I have been asked and told that the iPad sucks because it doesn’t have flash support. Actually, the opposite is true. The iPad is a next generation device, would you also insist that it have an internal 5.25″ floppy drive so you can load up Harpoon? Flash is, has been, and probably will always be, a mess. On a portable device, it’s worse. The iPad’s battery lasts me 10 to 12 hours of use daily, tabs playing flash video last 2 to 3 hours. He’s the truth about flash. There are only two sets of people who care about the iPad not having flash. The first are the flash developers, heaven forbid they have to learn something knew. The other are the groups of people who hate all things Apple and have to find something that “makes the iPad suck.”
I’ll bet dimes to dollar bills that the ones in the latter category are the same ones that immediately click “skip intro” when they get to a flash website. In other words, no, I really don’t miss Flash at all. I would really likes it to disappear from the web entirely, as most technical people have wanted for years.
I think apple has mostly gotten this right. There is way more right with the iPad than there is wrong. There are some things that I don’t like, but given the market environment with cell phone providers, that isn’t going to change much. I am not sure how I feel about the model Apple has created for developers. I also think that making finding things in the App Store easier would be better for both the developer and the end user. I think it’s hard to justify buying an app sometimes that you are’t completely sure how they work.
All in all, I think that Apple learned some important lessons from the 80s and the Apple Clones we saw. We are seeing the result of those lessons with the iPad and iPhone. These are lessons that are unique to Apple and other companies in the technology world haven’t been afforded.
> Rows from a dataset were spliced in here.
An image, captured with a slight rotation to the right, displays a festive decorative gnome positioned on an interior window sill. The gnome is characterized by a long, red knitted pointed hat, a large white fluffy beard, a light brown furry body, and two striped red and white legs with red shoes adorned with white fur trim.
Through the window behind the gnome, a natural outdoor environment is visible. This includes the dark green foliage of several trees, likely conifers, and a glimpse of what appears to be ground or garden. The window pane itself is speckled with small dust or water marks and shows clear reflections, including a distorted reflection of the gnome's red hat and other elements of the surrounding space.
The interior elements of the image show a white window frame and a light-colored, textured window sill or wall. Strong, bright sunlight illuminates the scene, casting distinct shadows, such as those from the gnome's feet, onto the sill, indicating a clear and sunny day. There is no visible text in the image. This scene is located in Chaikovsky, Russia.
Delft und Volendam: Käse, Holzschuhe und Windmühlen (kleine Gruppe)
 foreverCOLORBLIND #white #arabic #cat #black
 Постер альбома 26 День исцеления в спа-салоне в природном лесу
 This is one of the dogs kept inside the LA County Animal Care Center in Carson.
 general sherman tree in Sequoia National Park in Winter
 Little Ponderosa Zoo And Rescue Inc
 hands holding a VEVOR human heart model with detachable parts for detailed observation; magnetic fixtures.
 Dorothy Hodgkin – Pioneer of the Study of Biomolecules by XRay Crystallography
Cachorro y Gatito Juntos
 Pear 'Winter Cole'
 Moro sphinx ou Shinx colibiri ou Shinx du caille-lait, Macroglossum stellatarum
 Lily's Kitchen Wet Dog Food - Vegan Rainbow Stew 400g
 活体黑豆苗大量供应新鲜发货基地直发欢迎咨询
If you think that’s not the case, ask yourself when the last time you saw a copy of Lotus 1-2-3 installed on a computer, or Wordperfect, or how about an external US Robotics V.Everything modem (I still have one if you want a picture). These companies are go one for all intents and purposes and even some that are and have been major players have been marginalized. As of December 2010, Microsoft had sold approximately 1.5 million Windows Phones, at the same point, Apple had sold 16.24 million iPhones. Funny how when apple only has 10% of the PC market they aren’t important, but when Microsoft has only 7.7% of the market, they are the ones calling the others a joke.
I think the market will play out, but as a TOOL, the iOS model wins. Remember, Palm, who was the other player in the smartphone market with RIM not too long ago, is now part of HP and it’s floating at 2.8%. Palm’s CEO Ed Colligan said “We’ve learned and struggled for a few years here figuring out how to make a decent phone, PC guys are not going to just figure this out. They’re not just going to walk in.” That was just 6 years ago, anyone want to ask him about that now? Oh by the way, he left Palm in 2009.
But this is about the iPad. I love it, and I have quit taking a computer with me as I don’t need it anymore. Of course much of that has to do with the quality of the Apps I’m using, and some of, many of these are on par with many of the desktop apps I use. The best ones understand that I don’t need every function available on the iPad, but understand how to know what’s important and what isn’t. Just like on the Mac, it’s the Apps, it’s all about the Apps.